Example 4.1.9 (Post Office): Two clerks are busy, service times are $\exp(\lambda_1)$ and $\exp(\lambda_2)$ . You are served when one becomes available. Total time $T = \min(R_1, R_2) + S$ , where $R_i$ is remaining service time and $S$ is your own service time. Due to memorylessness, $R_i \sim \exp(\lambda_i)$ . Expected time: $E[T] = E[\min(R_1, R_2)] + E[S] = \frac{1}{\lambda_1 + \lambda_2} + \frac{2}{\lambda_1 + \lambda_2} = \frac{3}{\lambda_1 + \lambda_2}$ .
Example 4.1.10 (Competing Tasks): Check-up (mean 20 mins, $\lambda_1 = 1/20$ ) and Consultation (mean 30 mins, $\lambda_2 = 1/30$ ) start at the same time.
- Probability check-up finishes first: P(R_1 < R_2) = \frac{1/20}{1/20 + 1/30} = \frac{3}{5}.
- Expected time until both finish ( $T = \max(R_1, R_2)$ ): E[T] = E[\min(R_1, R_2)] + P(R_1 < R_2)E[R_2] + P(R_2 < R_1)E[R_1]. $E[T] = 12 + \frac{3}{5}(30) + \frac{2}{5}(20) = 38 \text{ minutes}$ .

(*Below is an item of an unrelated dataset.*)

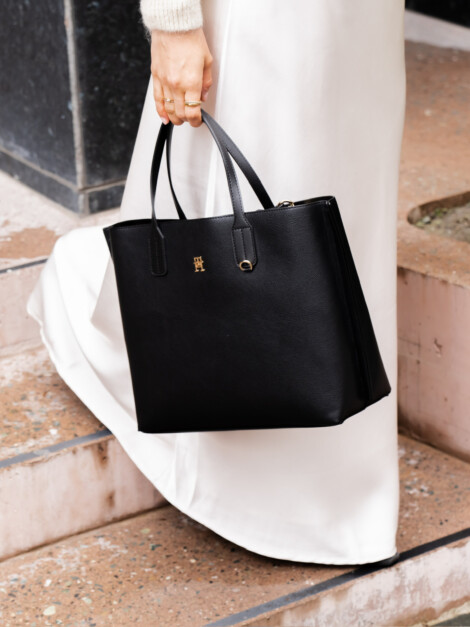 TH DISTINCT SATCHEL BLACK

4.2 The Poisson Distribution

The Poisson distribution models the number of events in a fixed interval of time or space occurring independently at a constant average rate. It is often described as the "law of rare events."

Definition 4.2.1

A random variable $X$ is Poisson distributed, written $X \sim \text{Poi}(\lambda)$ , if:

$P(X = k) = \frac{e^{-\lambda} \lambda^k}{k!}$

for all $k \in \mathbb{Z}_{\geq 0}$ . The parameter $\lambda$ represents the expected number of occurrences.

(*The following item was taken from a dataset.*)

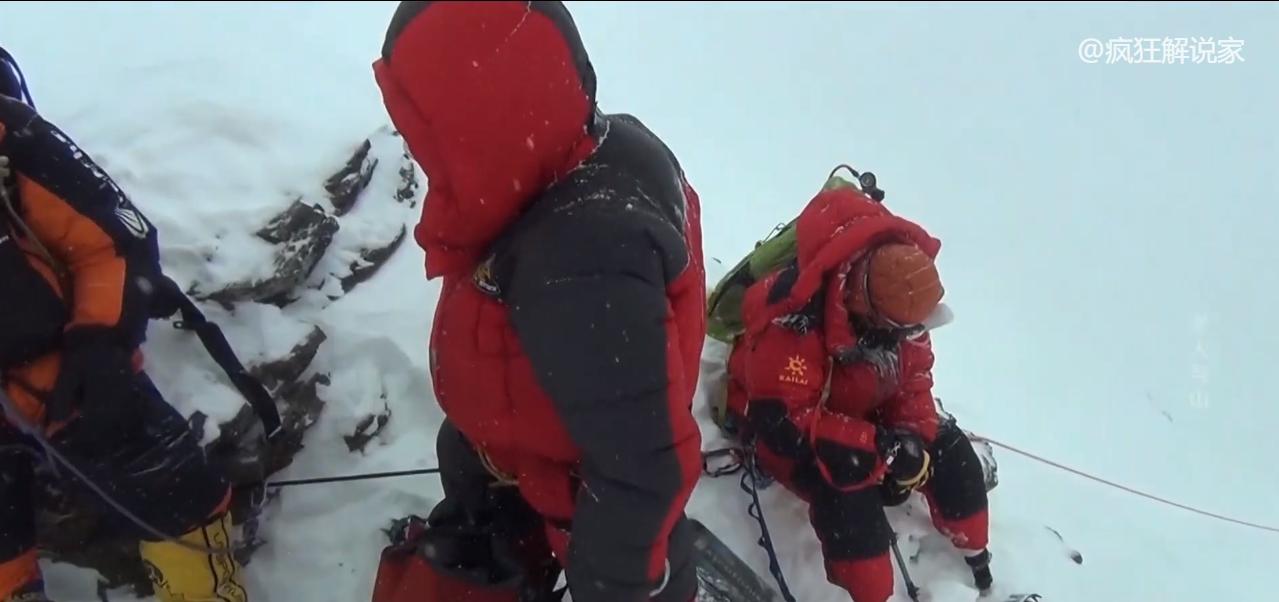 挑战不可能六旬老人家假肢攀岩,无腿老人攀登珠穆朗玛峰完整视频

Proposition 4.2.2: Moments of Poisson

For $X \sim \text{Poi}(\lambda)$ , \lambda > 0:

(a) Factorial Moments: $E[X(X - 1) \dots (X - k + 1)] = \lambda^k$ . Specifically, $E[X] = \lambda$ .
(b) Variance: $\text{Var}(X) = \lambda$ .

Proof of (b): Since $E[X(X-1)] = \lambda^2$ , we have: $\text{Var}(X) = E[X(X-1)] + E[X] - (E[X])^2 = \lambda^2 + \lambda - \lambda^2 = \lambda$ .

Proposition 4.2.3: Sum of Independent Poisson

If $X \sim \text{Poi}(\lambda)$ and $Y \sim \text{Poi}(\rho)$ are independent, then $X + Y \sim \text{Poi}(\lambda + \rho)$ .

Proposition 4.2.4: Poisson as a Limit of Binomial

Let $X_n$ be Binomially distributed with parameter $n$ and $p_n = \lambda/n$ . As $n \rightarrow \infty$ :

$\lim_{n \rightarrow \infty} P(X_n = k) = \frac{e^{-\lambda} \lambda^k}{k!}$

This reveals that the Poisson distribution is appropriate for modeling many independent trials with small success probabilities ( $p$ ) but a fixed expected number of successes ( $np = \lambda$ ).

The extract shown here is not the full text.